Primeiro, e antes que se rufem os tambores e se ergam as tochas e os garfos de palha, gostaria de esclarecer que qualquer tipo de tentativa de politização extrema da arte, como qualificar um filme bom ou ruim por isso, tendencia a ter caráter nocivo para a própria obra de arte.
No entanto, o tema pode sim, ser reconhecido em alguns momentos, piadas, e até pelo fato de ela ser mulher e dominar um lugar que até então só era ocupado por homens – e não se importar e não aceitar se enquadrar no que o status do momento dizia –, no entanto, o filme não se trata somente disso. Essa obra é muito maior que uma questão político-social. E não digo isso com intenção de reduzir as questões político-sociais que podem se abordar, mas de mostrar que aplicar somente esse critério à leitura da obra é reduzir o seu valor. Então, assim sendo, leitor, vamos ao que interessa.

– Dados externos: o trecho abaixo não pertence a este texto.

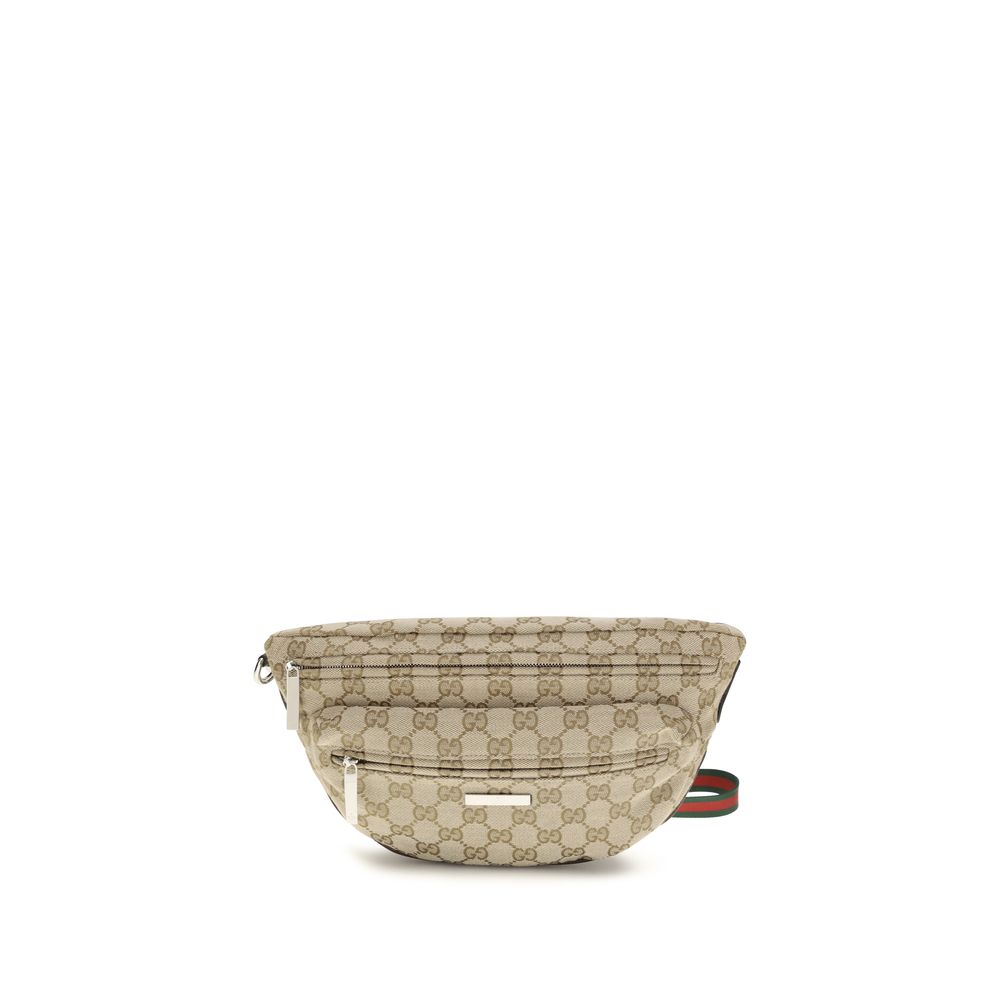 Beige Fabric Shoulder Bag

Mulher Maravilha para além de toda questão do momento atual, fala sobre os dramas de cada um; a nossa luta diária para melhorar, além de nossas imperfeições e falhas, as reconhecermos e sobre como lidamos com isso. Mas, mais importante, o filme nos traz reflexões acerca do nosso valor e, ademais, se somos realmente dignos de qualquer tipo de salvação. E toda essa noção, pode ser principalmente percebido pelo viés religioso/místico adotado desde os seus primeiros momentos. Porém, leitor, peço que prossigamos com um pouco mais de calma e voltemos a esse início, para que melhor possamos estabelecer melhor essas relações.
A história, quando já em Themyscira, de prontidão nos traz a questão relacionada à criação do homem e da humanidade. E é a partir dessa introdução que se constrói todo o fio no qual essas questões se equilibram, e por meio delas que faremos, leitor, as nossas reflexões com maior profundidade – sem nos deixarmos levar ao abismo que há abaixo, é claro.

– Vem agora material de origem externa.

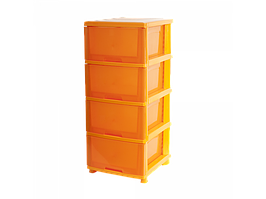 Комод на 4 ящика (_св.оранж./оранж. пр.)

É adotado, logo de cara, e de maneira um pouco ousada, um viés religioso pela DC, que diverge do estúdio concorrente – no qual justifica sua parte mística em tecnologias –, e tal escolha não só interfere no modo de se contar a história, como também nas ações e construção de personagens. Diana realmente acredita em deuses; Ares é um deus para ela e interfere diretamente na atitude dos homens. As amazonas vivem aquilo e sabem que, muito além de uma mera história de profecia, Diana é filha de Zeus, e, mais, sabem da sua importância tanto no sucesso de sua “missão”, quanto na falha. A Srta. Prince, por sua vez, realmente acredita que tem essa missão no mundo, o que deveras se assemelha com o sentimento missionário que pessoas que mantém a religião no centro da sua vida apresentam.

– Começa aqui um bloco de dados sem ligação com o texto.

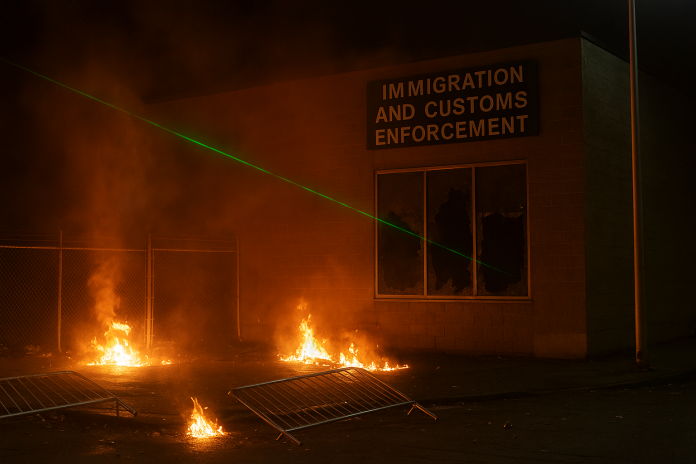 Federal Immigration ICE director reports Portland police slow to respond to assaults on federal immigration office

Mas o grande ponto da discussão que o filme gera não está ali, na história de um “escolhido” que deve suportar o peso do mundo ou de suas escolhas apenas nas próprias costas, está relacionado, por outro lado, com a seguinte pergunta – que, inclusive, é feita em momentos cruciais do enredo –: Afinal, o homem é falho, cheio de vícios, é causador de problemas, e levando isso em conta, ele realmente merece ser salvo? Curiosamente – curiosamente devido ao seu teor religioso – esse é um questionamento que também é deveras bíblico: o homem com todas as suas falhas, não é digno dessa redenção que teve, nem da salvação que poderia ter.
E, nesse gancho, Ares atua no enredo quase como uma alegoria do diabo: para além da sua queda e revolta contra seu pai, ele sussurra no ouvido dos homens aquilo que podem fazer, ajuda-os a resolver problemas, dá-lhes oportunidades de ouro – mas tudo quanto pode ser feito, é por unicamente por conta e culpa deles, eles não perderam o livre arbítrio – apenas retomando essa leitura comparada. Inclusive, esse é um dos argumentos do vilão para que Diana unisse forças com ele e aceitasse destruir a humanidade, afinal, eles se destroem por si mesmos, eles são corruptos, estragam toda a perfeição feita pelo criador. Numa outra comparação bíblica, se assemelha novamente com o diabo que tenta Jesus a acabar com o pecado do mundo. Mas já dizia Chesterton que tem coisas que deviam ser amadas antes de ser amáveis, e essas “coisas” somos nós.
E é disso que mais fala Mulher Maravilha.
Não quero me ater unicamente a uma comparação bíblica do caso – e vocês leitores, podem perceber que a temática é universal, apesar das minhas comparações que servem apenas para auxiliar no embasamento –, porém, apresentar a vocês que essa temática do valor, de ligação com o transcendental, da redenção e salvação humana estão presentes ali, e que esse tipo de leitura metafísica, universal, de certa forma, acaba por ser suprimida diversas vezes em detrimento de um ponto de vista de uma crítica sócio-política.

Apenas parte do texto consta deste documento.